In the meantime, Intel has been producing 45nm components and building up inventory, and the first wave of them is getting ready to finally hit the market. Intel’s 45nm technology will allow for this new lineup of Core 2 processors to have significantly smaller dies, allowing Intel to put more cache onto the processor die, which in turn helps them to achieve higher performance. The new manufacturing technology also improves power consumption and heat production, and will allow Intel to scale the processors to higher clock speeds, finally allowing us to break through the 3.0 GHz wall which the industry has been stuck at for some time.

Intel’s new 45nm Core 2 processors are members of the “Penryn” family, which has two sub-codenames as well. Intel has “Yorkfield”, their 45nm Core 2 quad-core processor design, along with “Wolfdale”, their 45nm Core 2 dual-core processor design. Today we’ll be looking at the fastest member of Intel’s first wave of “Wolfdale” processors, which will officially be sold under the name “Core 2 Duo E8500”.

While this new lineup of Core 2 processors does not showcase a huge architectural change for Intel’s flagship processor lineup, we do see a host of smaller changes all coming together for a product lineup which is, in reality, one of the most exciting processor releases in some time. “Wolfdale” chips have been receiving much more buzz than expected, and early adopters who have received them have been thrilled with their flexibility, performance, and environmental attributes.

Intel's Core 2 Duo E8500 processor and their new retail shipping box.

Intel Core 2 Duo E8500
Features & Specifications

  • 3.16 GHz Clock Speed, Dual-Core

  • "Wolfdale" Core Architecture

  • 45nm Manufaturing Technology

  • 128 kB L1 Cache (Data/Instruction)

  • 6 MB Shared L2 Cache (Full Speed)

  • 1333 MHz Front Side Bus Speed

  • Socket-775 Form Factor Design

  • 1.225V Default Core Voltage

  • Supports 32/64-bit Processing (EM64T)

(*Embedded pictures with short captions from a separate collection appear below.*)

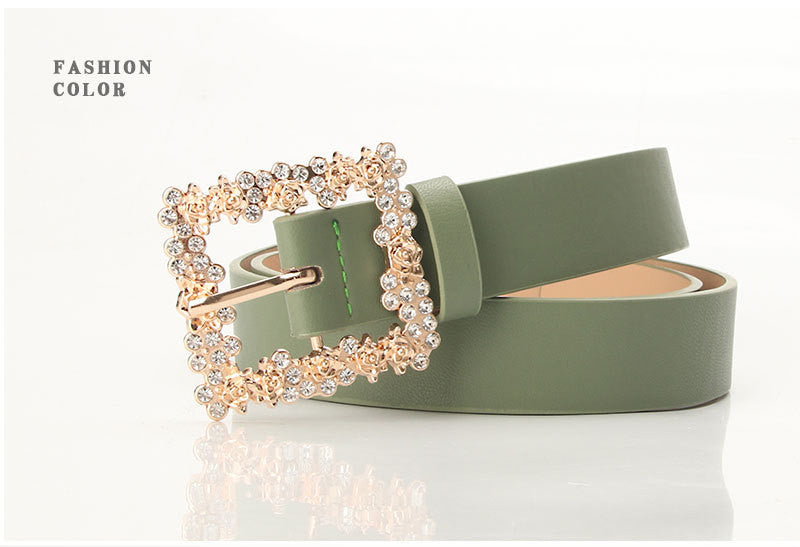 Alloy Rhinestone Pin Buckle Belt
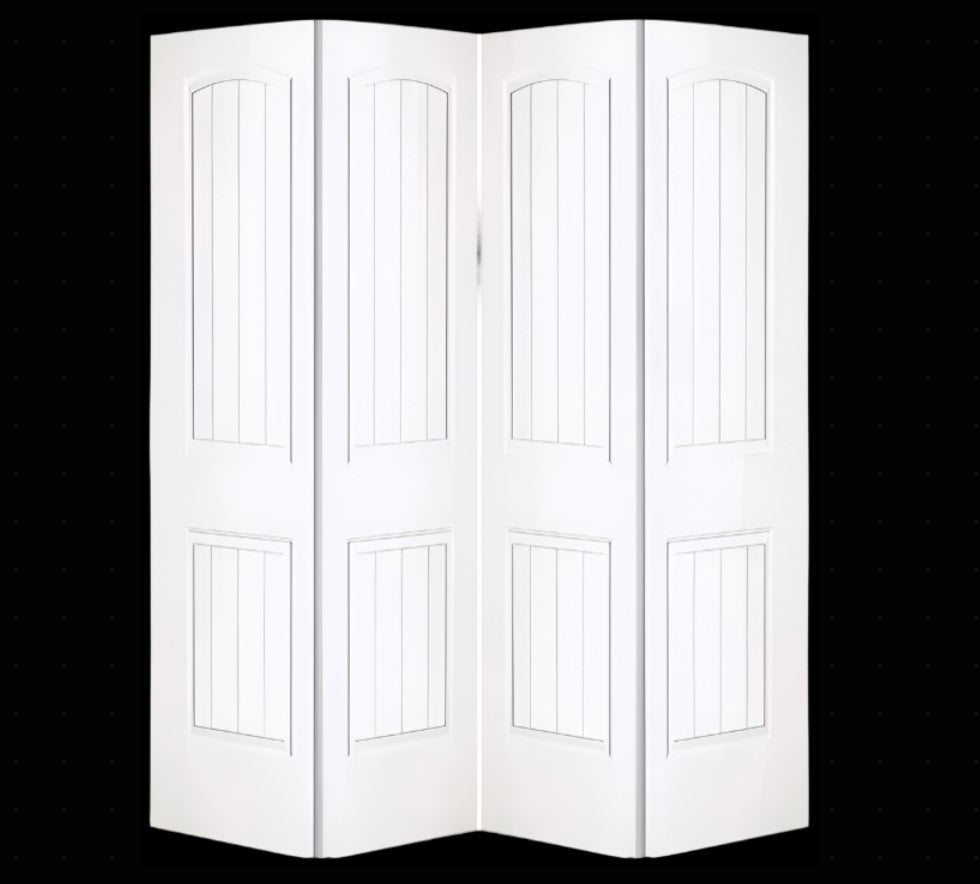 Bifold:SanteFe Primed Moulded Smooth 2-Panel Roundtop Plank Raised Panel Hollow Core Bifold Door w/Hardware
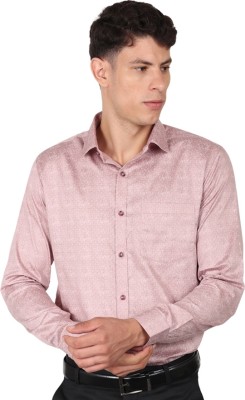 PECIPIC DESIGNER Men Printed Formal Pink Shirt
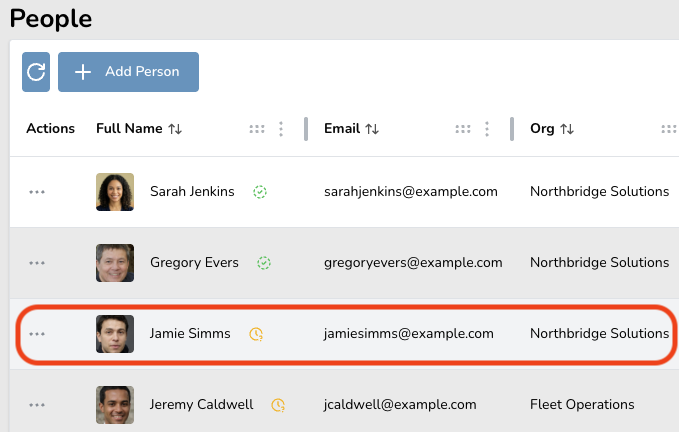 Highlighted entry of Jamie Simms in a contact list, showing email and organization details.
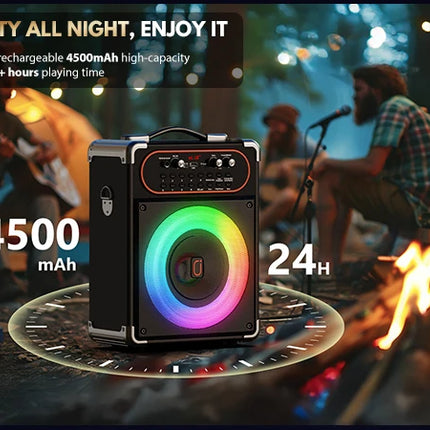 S68 Kara Ok with 2 Microphones, Portable Bluetooth 5.3 Kara Ok Speaker, Suitable for Outdoor Activities, Parties and Parties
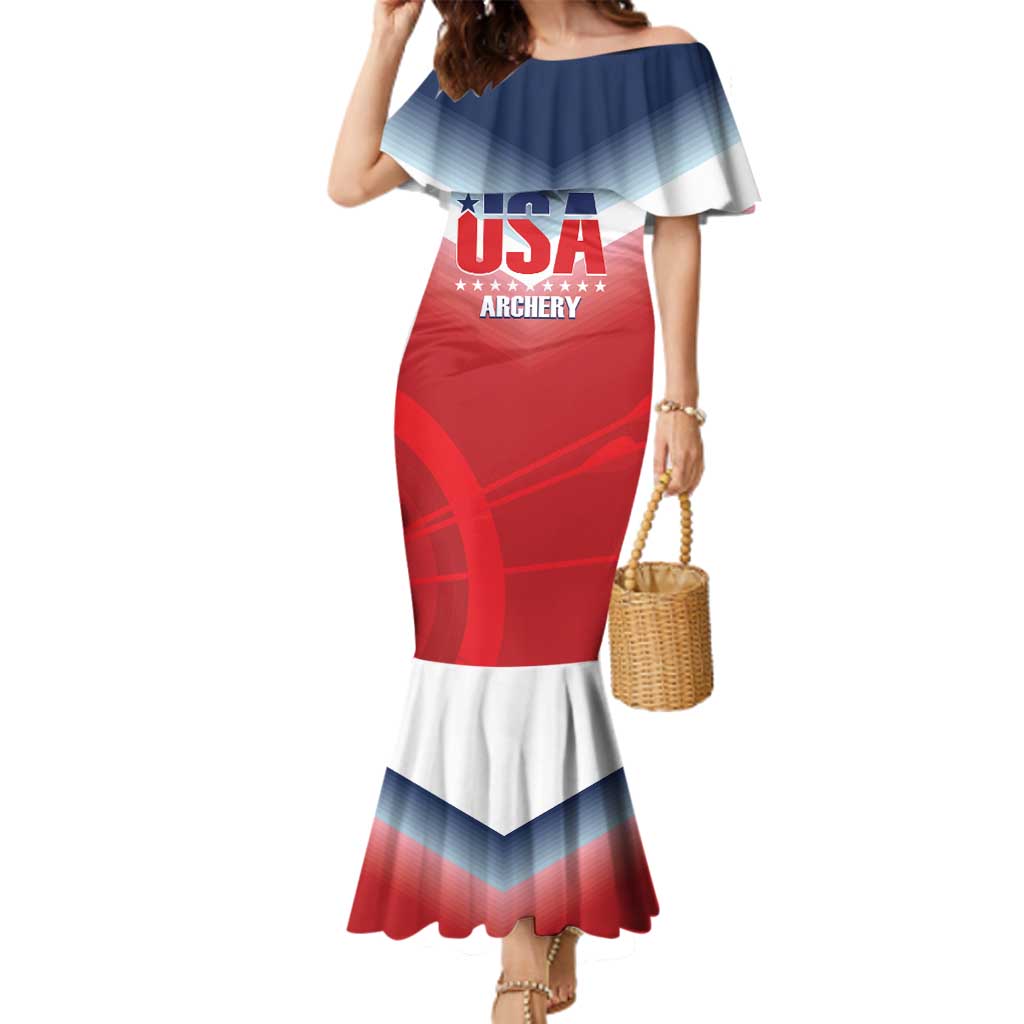 Personalized United States Archery Family Matching Mermaid Dress and Hawaiian Shirt USA 2025 Sporty Style - Wonder Print Shop
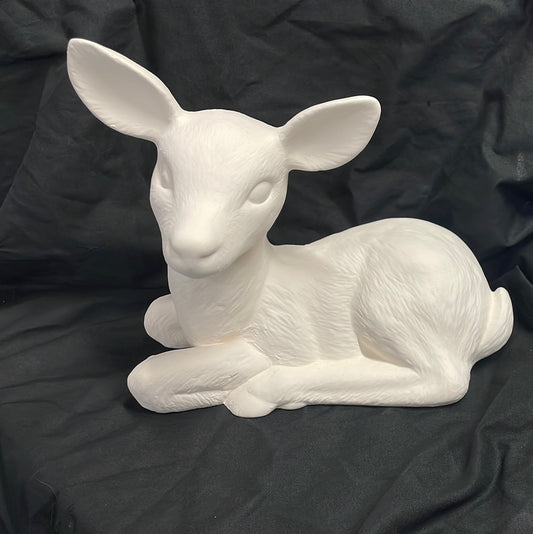Large Laying Deer Facing Left Ceramic Bisque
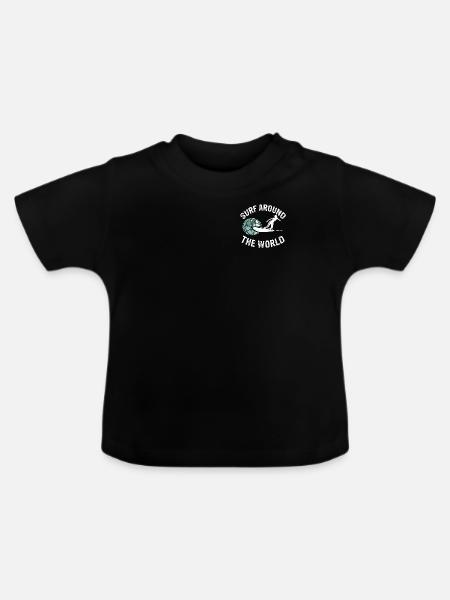 SURF around the World - Baby Bio-T-Shirt mit Rundhals - Schwarz
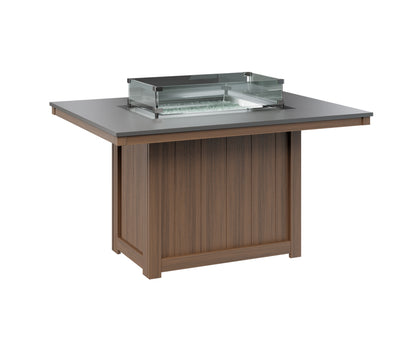 Donoma 42" x 54" Rectangular Fire Table Dining Hammered Top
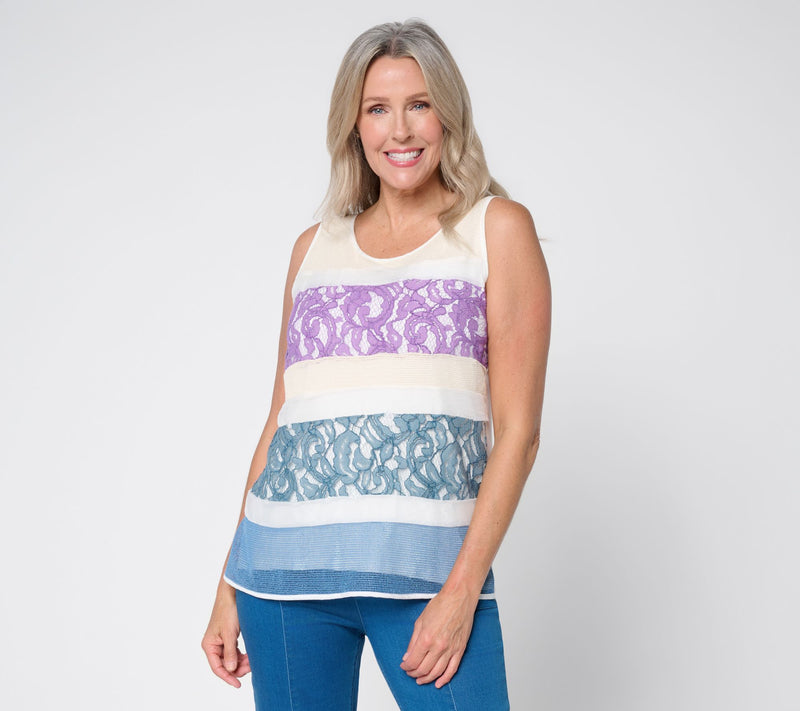 Susan Graver Mixed Media Novelty Lace and Crochet Tank Top — View 9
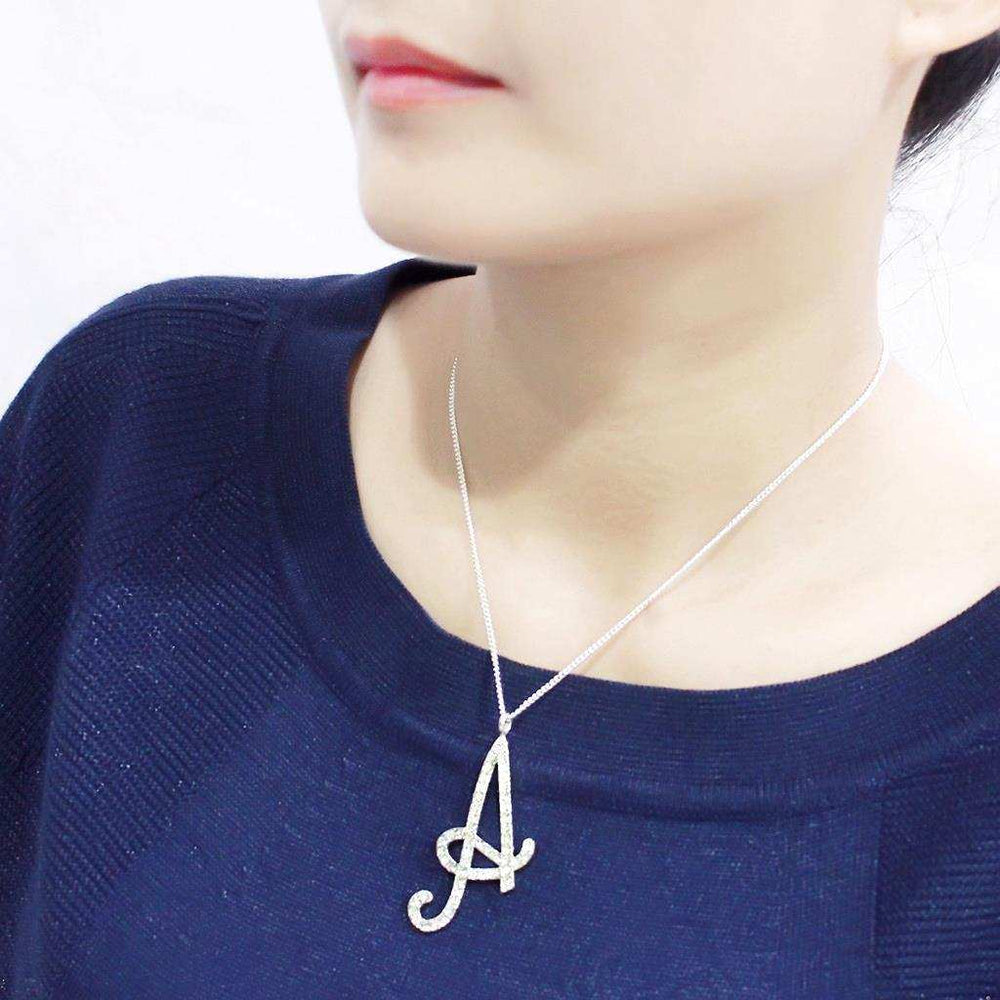 LO4707 - Silver Brass Chain Pendant with Top Grade Crystal in Clear - Alamode - Flyclothing LLC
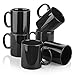 Y YHY Porcelain Coffee Mugs, 12 Ounces Mug Set for Coffee, Tea, Cocoa or DIY, Set of 6, Black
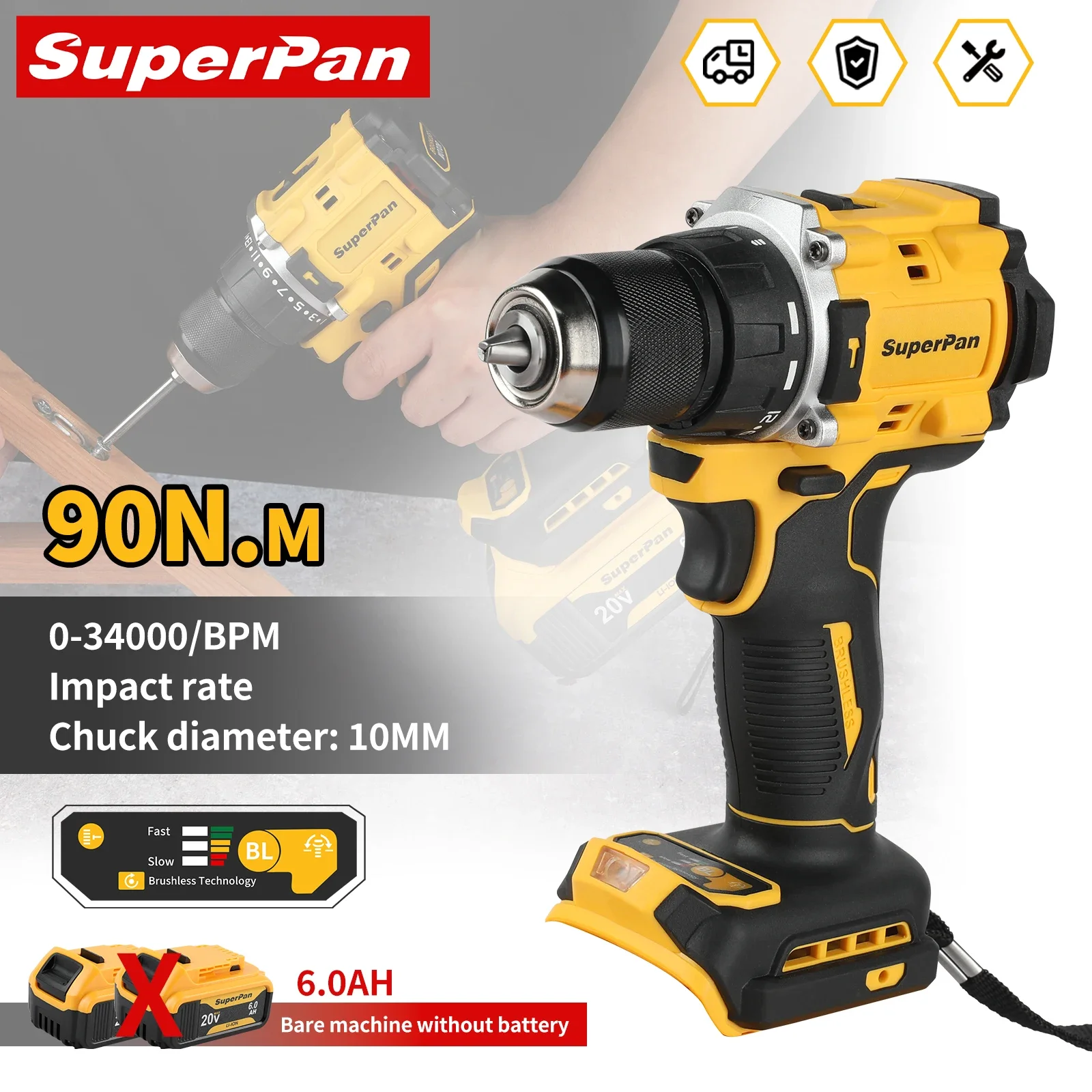 

Superpan805 Бесщеточный двигатель 20 В для сверления по дереву, эргономичная ручка, электроинструменты со светодиодной подсветкой, аккумуляторная дрель - патрон 13 мм, крутящий момент m, 55 мм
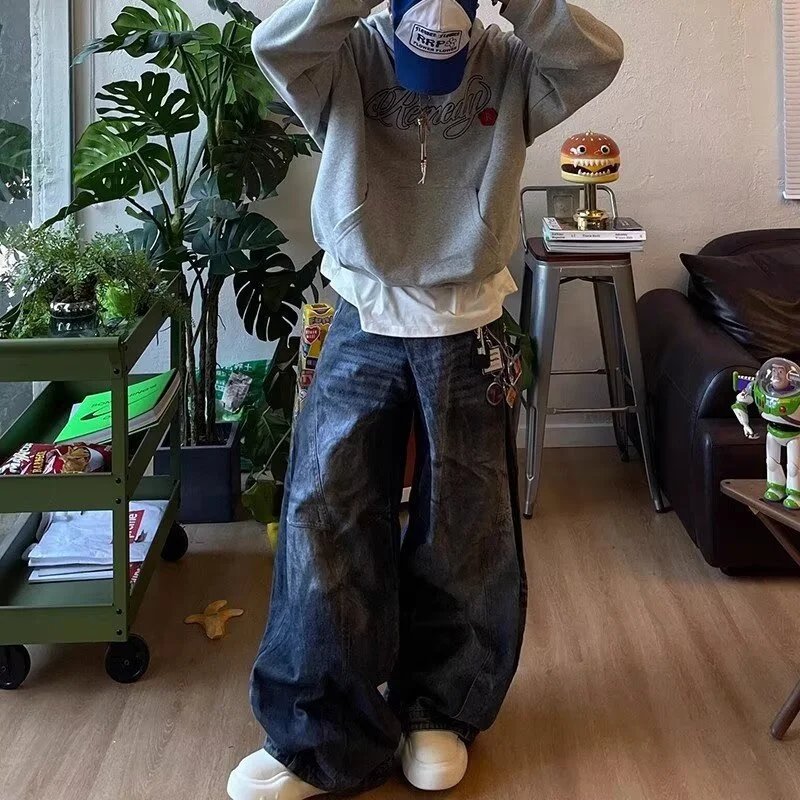 Loose, Inverted Waist-head Wide-leg Pants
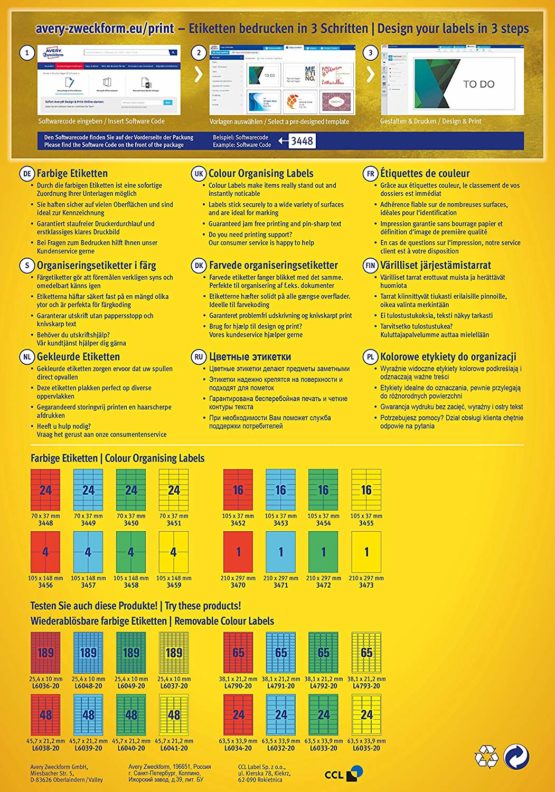 Avery Zweckform 3458 Coloured A4 (Pack of 400 Labels 105 x 148 mm 100 Sheets Green - Image 3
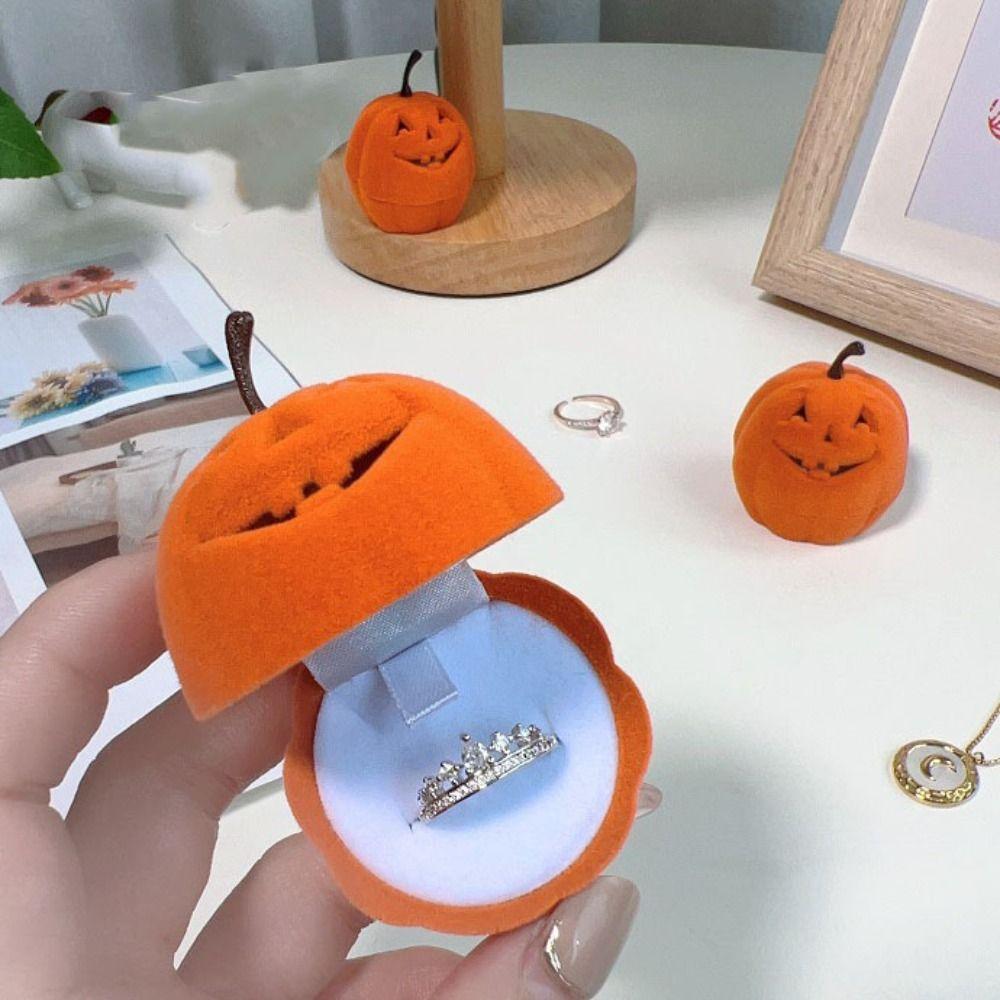 

Halloween Necklace Holder Dustyproof Jewelry Display Case Cute Pumpkin Ring Box Valentine s Day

  • Supports SSE / SSE2 / SSE3 / SSE4.1

  • Supports Intel Speedstep / C1E

  • Supports Execute Disable (xD) Bit

Core 2 Duo E8500 ES - Top

Core 2 Duo E8500 ES - Bottom

The Core 2 Duo E8500 processor, as we’ve mentioned, is based on Intel’s new 45nm “Wolfdale” design. This new design brings some significant benefits to the table in comparison to the previous generation 65nm “Conroe” design. Let’s run through a few of them.

First off, clock speeds. The previous generation Core 2 Duo lineup clocked up to 3.0 GHz at its peak with the E6850, whereas this new line of Core 2 Duo processors is hitting 3.16 GHz with its first release. The E8500 runs at 3.16 GHz, whereas we will also have the E8400 (3.0 GHz), E8300 (2.83 GHz) and E8200 (2.66 GHz) on the market soon as well. These chips all run at 1333 MHz front side bus speed by default, a feature which was only seen on the later models of the older Core 2 lineup. Keep in mind; Intel likes to nudge up clock speeds over time, so we are fully expecting that these new Wolfdale chips will be launched at speeds at ~3.5 GHz in time – especially judging from the overclocking results which we’ll show later.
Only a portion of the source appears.